The college decision-making process, while complicated for all families, is often disproportionately complex for those in the lowest income groups, who often make decisions that result in larger amounts of student debt and lower rates of academic success, according to a literature review from nonprofit behavioral design consultancy ideas42.

The review covered 250 papers and articles that examine financial decision-making throughout the college enrollment process, focusing on the challenges related to consumer information and financial capability of attending college. According to the review, 93 percent of high schools students have aspirations of attending college but less than 60 percent actually expect to attend. Furthermore, misperceptions about the affordability of college often limit the schools that students and families consider during the pre-application and application stages.

Before they even apply for college, students and families overestimate the cost of college by as much as 200 percent and half of prospective students overestimate their loan payments by 50 percent, indicating a significant lack of understating about the true cost of college, according to ideas42. Low-income and minority parents are the most likely to overestimate the cost of college, the literature review said, and to preemptively decide that a particular institution is not an option for their student.

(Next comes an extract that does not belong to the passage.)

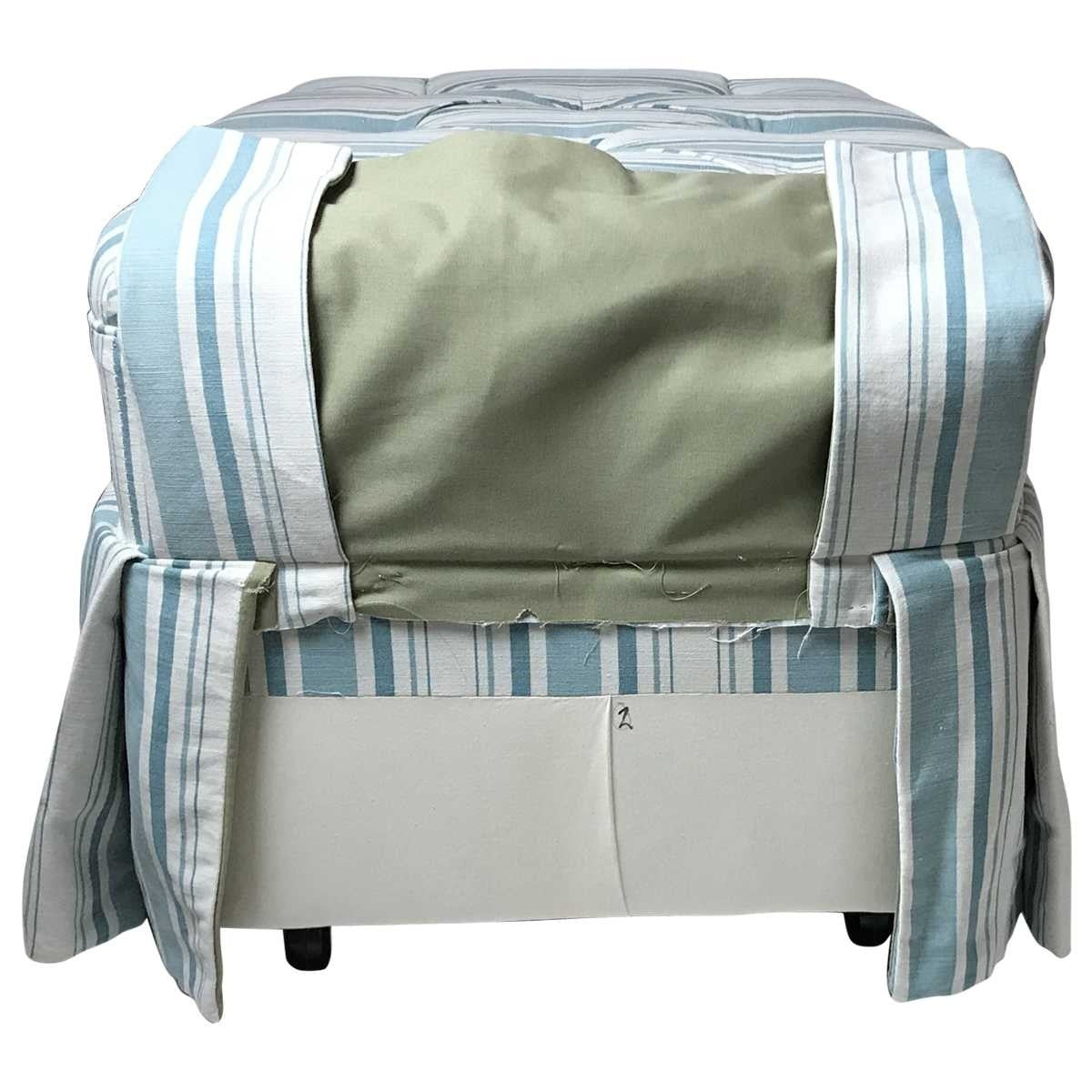 A Pair, Bennison Upholstered Tufted Ottomans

The students who overestimate the cost of college are also the least likely to apply to selective institutions. The review shows that only 8 percent of high-achieving, low-income students are considered “achievement typical,” applying to one well-matched school, at least one safety school, and no non-selective schools.

According to the review, many students also don’t place enough emphasis on school quality indicators like the average amount of debt or graduation rates, instead placing more emphasis on things like distance from home. One study showed that 57 percent of students enrolled at public, four-year institutions are within 50 miles of home.